Kiedyś dawno temu zbudowałem instument do rzutowania obrazu Słońca na ekran. I tak się zaczęło
Chociaż wtedy użyłem najprostszych elementów to jednak odniosłem sukces zestaw był zbudowany
z dwóch obiektywów fotograficznych długoogniskowego z telekonwenterem i szerokokątnego, który robił za okular.
Oba były skręcone do mieszka makro "plecami" i całość osadzona na statywie, wszystko to stało u mnie
w pokoju w letnie popołudnie, kiedy Słońce świeciło w okno, które było osłonięte kocem z dziurą na obiektyw
a za okularem "obiektyw MIR 1 B" był ekran płócienny na którym było rzutowane piękne Słońce o średnicy ok. 40cm
I chodź od jakiekoś czasu już buduję instrument to teraz dopiero o tym oznajmiam: rysunek
Cały instrument będzie z aluminium, tworzyw sztucznych i innych metali, nie zastosuję drewna,
papieru i słomy do jego budowy ma być solidny i trwały.
Opis budowy
Najważniejsze to optyka, myślę aby przedni obiektyw by był wymienny jak w aparatach,
a za okular będzie służył obiektyw minolty 35mm.
Okular będzie sterowany motofokusem bo całość będzie ukryta w aluminiowej tulei,
która będzie głównym korpusem łączącym obiektyw z okularem oraz będzie pełnić funkcję kieszonki na filtry.

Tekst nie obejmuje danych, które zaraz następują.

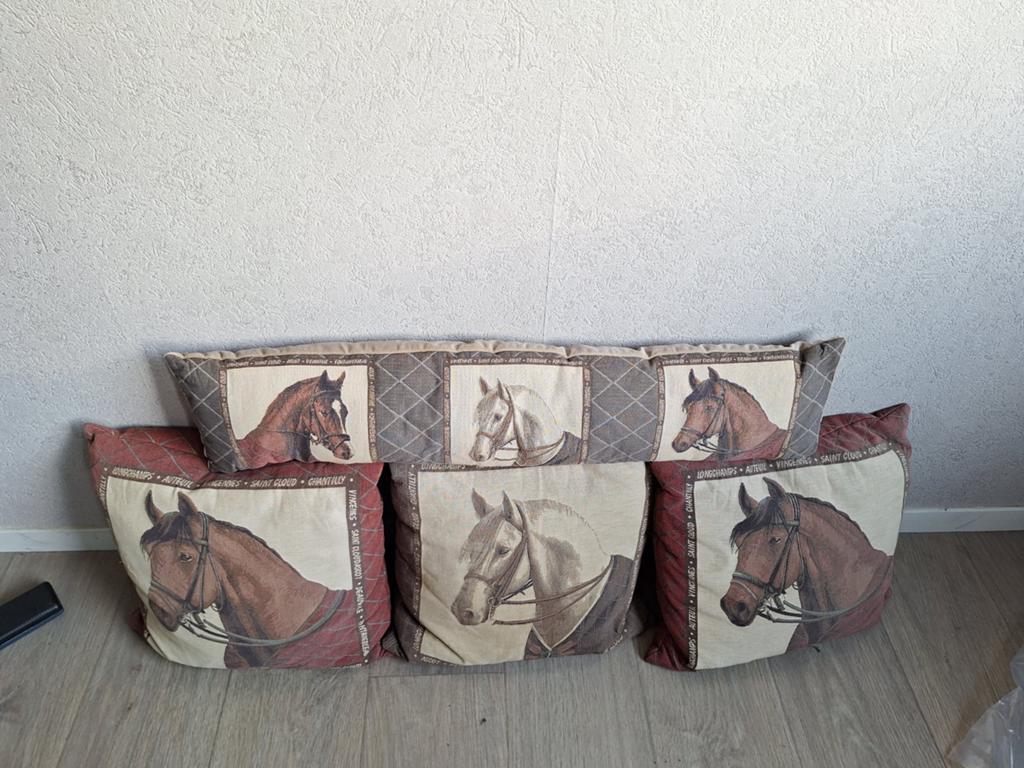 Decoratieve kussens met paardenmotief, Ophalen of Verzenden, Gebruikt, Bruin, Rechthoekig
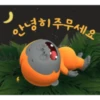 안녕히주무세요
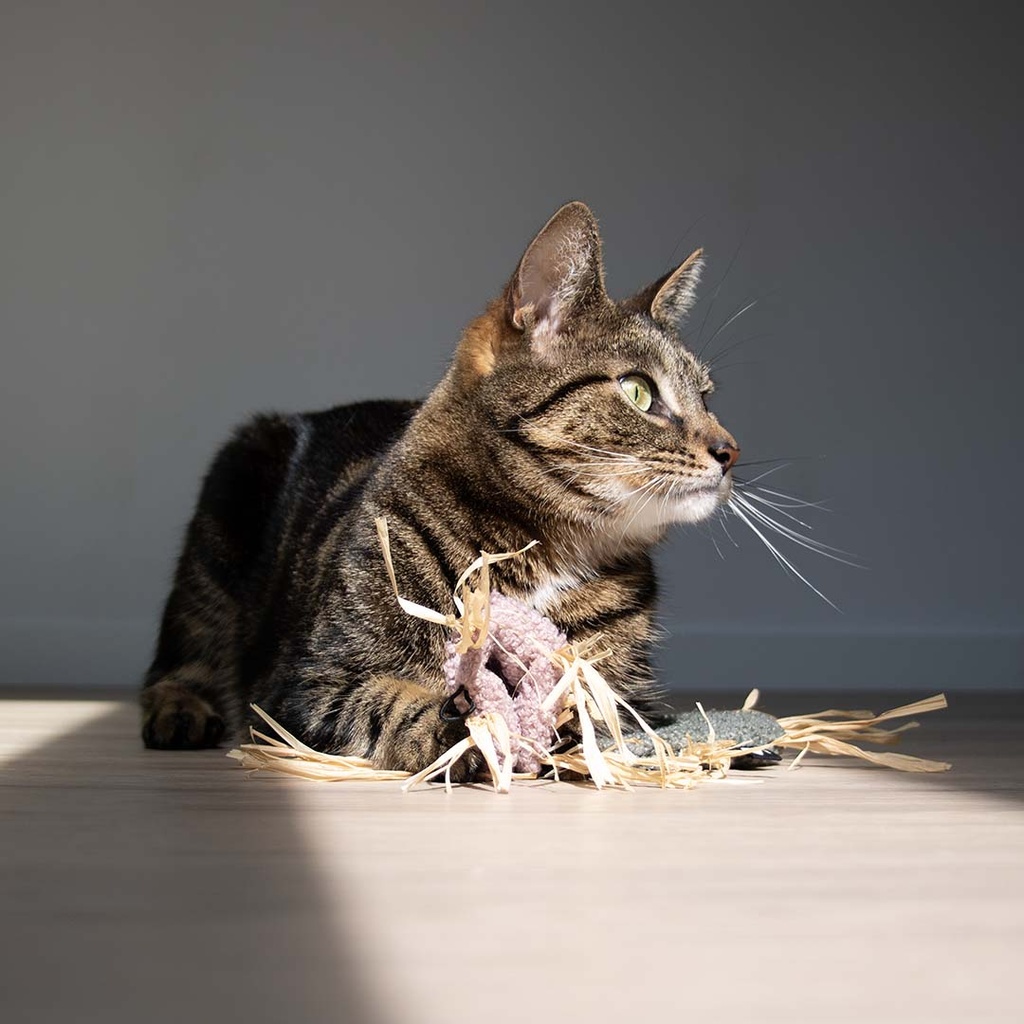 Kattenspeeltje MILLY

Całość będzie poruszać się po tej szynie co ma 110cm długości, aby ustawić wielkość Słońca na ekranie,
ale to już bedzie poruszane ręcznie bo ustawi się raz na czas obserwacji.
Drugim ważnym elementem będzie ekran i osłona przed nie pożądanym światłem, osłona będzie
z blachy ocynkowanej dość cienkiej aby niwelować ciężar i prawdopodobnie zamontuję wentylatorek.
Ekran kwadratowy ze szkła matowego będzie służył do oglądania Słońca lub jego fragmentu.
Trzecim elementem będzie prawdopodobnie celostat, ten pomysł przyszedł do głowy zaledwie dzisiaj
będę musiał go zbudować ponieważ ciężar całego urządzenie uniemożliwi jego funkcjonowanie na montażu,
prawdopodobnie całość będzie ważyć ponad 8kg dlatego też będzie ten teleskop stacjonarny a tylko zwierciadło
będzie podążać za Słońcem.
Zwierciadła celostatu będą płaskie o średnicy jeszcze nie wiem jakiej ok. 15cm jedno stałe a drugie ruchome.
(Muszą być dwa zwierciadła aby prawidłowy obraz otrzymać, kiedyś robiłem próby z jednym zwierciadłem,
ale obraz był odwrócony stronami lewo-prawo)
Do tego dochodzi zasilanie, teleskopu: motofokus, wentylator i montaż celostatu.
Na dzień dzisiejszy mam szynę 110cm z aluminium jest to ceownik w nim zamontowałem metrowy gwint,
który będzie przesuwał wózek po owej szynie, właśnie doszłem do etapu spawania aluminium,
bo nie widzę innego trwałego sposobu połączenia elementów wózka, jeśli to przeskoczę będę miał z górki.